(Exercise data begins)

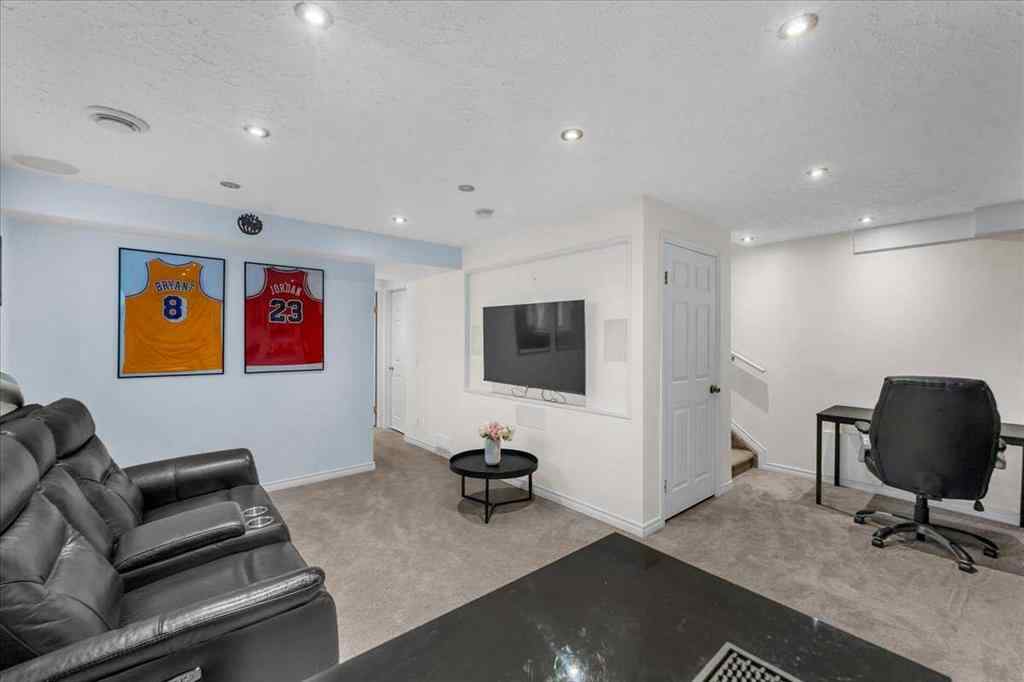 MLS® A2263545 - 35 Tuscany Ridge Terrace NW in Tuscany Calgary, Residential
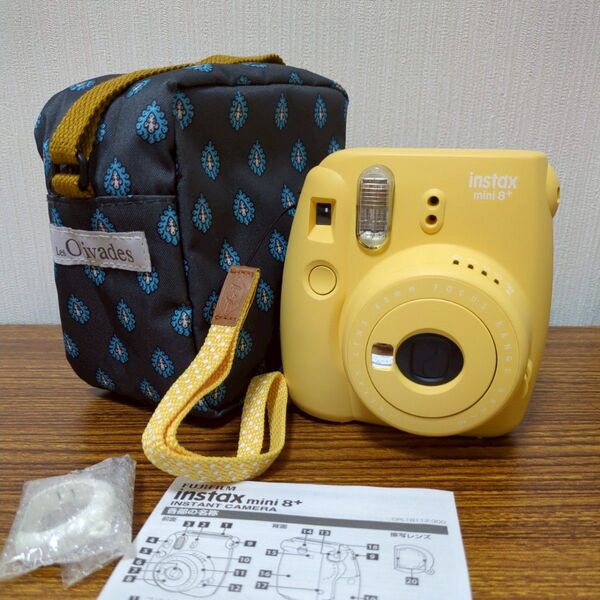 【未使用】チェキ instax mini 8+ イエロー Les Olivades カメラケース付き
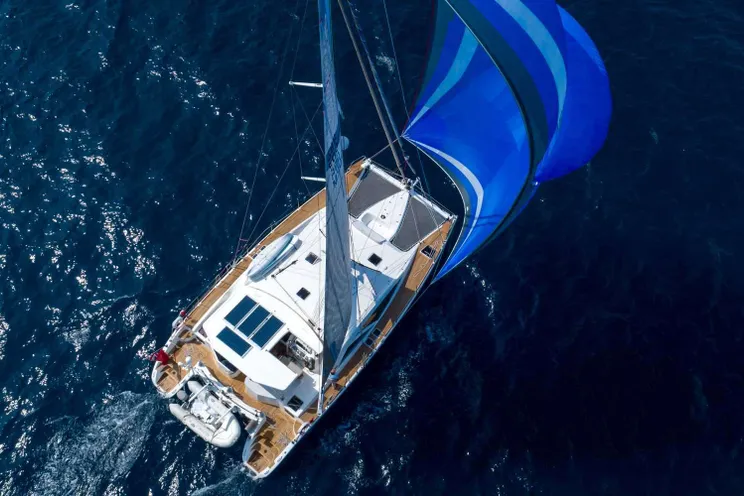 Charter Yacht CURANTA CRIDHE - Discovery 50 - 3 Cabins - Olbia - Porto Rotondo - La Maddalena - Sardinia - Italy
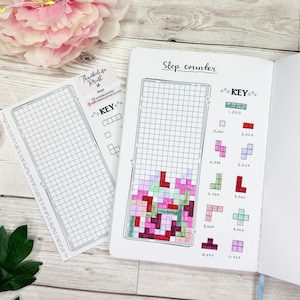Könnte beinhalten: Eine Journalseite mit einem Schrittzähler-Design im Tetris-Stil. Die Seite zeigt ein Raster zur Verfolgung von Schritten, einen Schlüssel mit farbcodierten Formen und den Text "Step counter". Eine separate Karte mit einem Raster und dem Text "Handelife Print" ist ebenfalls vorhanden.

(Exercise data ends)

### Task to carry out
All of the material is to be reproduced verbatim, pictures excluded.

### Completed task
 MLS® A2263545 - 35 Tuscany Ridge Terrace NW in Tuscany Calgary, Residential
 【未使用】チェキ instax mini 8+ イエロー Les Olivades カメラケース付き
 Charter Yacht CURANTA CRIDHE - Discovery 50 - 3 Cabins - Olbia - Porto Rotondo - La Maddalena - Sardinia - Italy
Könnte beinhalten: Eine Journalseite mit einem Schrittzähler-Design im Tetris-Stil. Die Seite zeigt ein Raster zur Verfolgung von Schritten, einen Schlüssel mit farbcodierten Formen und den Text "Step counter". Eine separate Karte mit einem Raster und dem Text "Handelife Print" ist ebenfalls vorhanden.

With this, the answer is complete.